Problem description – Taking the data below, please print only the lines from the line holding "Elegant Vintage Floral Brooch Pin image 6" to the line holding "80 Country Manor", inclusive, with pictures omitted.

*** Extracted data ***

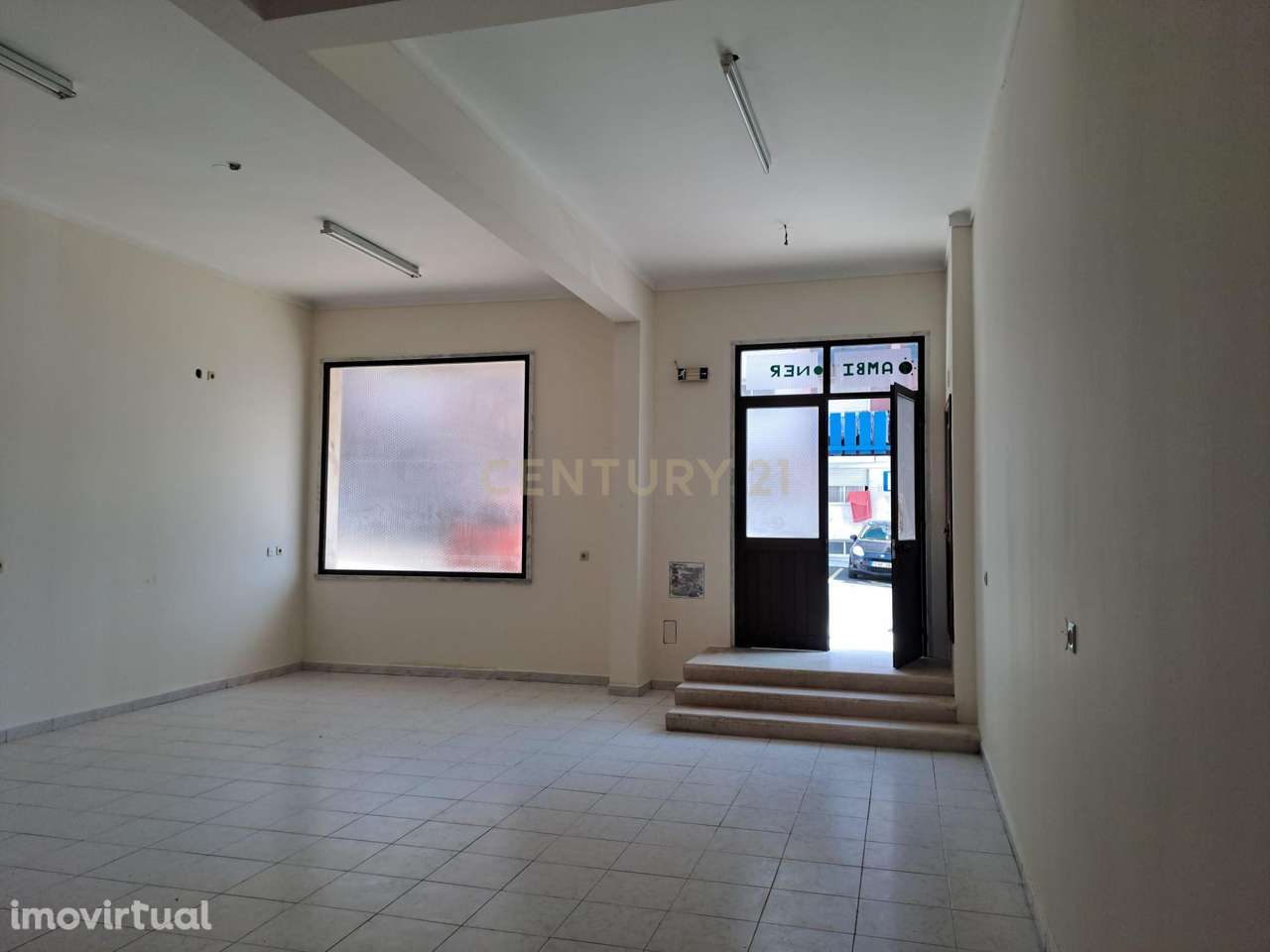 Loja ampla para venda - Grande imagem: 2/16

*** End of Extracted data ***
*** Extracted data ***

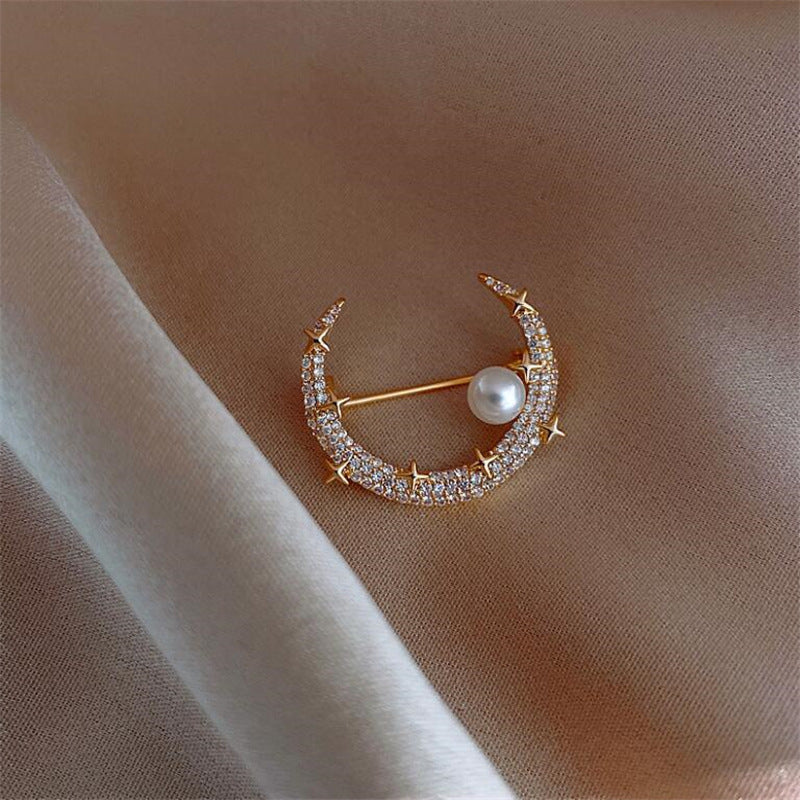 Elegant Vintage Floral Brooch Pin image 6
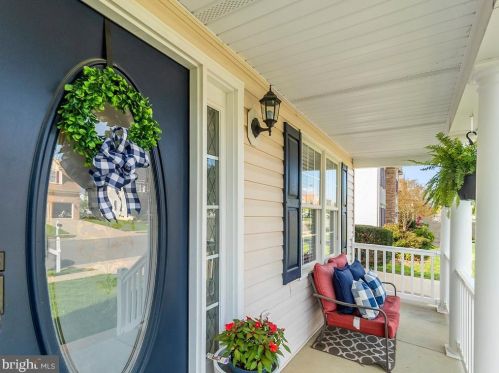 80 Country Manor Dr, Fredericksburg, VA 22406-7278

*** End of Extracted data ***

Written response –
 Elegant Vintage Floral Brooch Pin image 6
 80 Country Manor Dr, Fredericksburg, VA 22406-7278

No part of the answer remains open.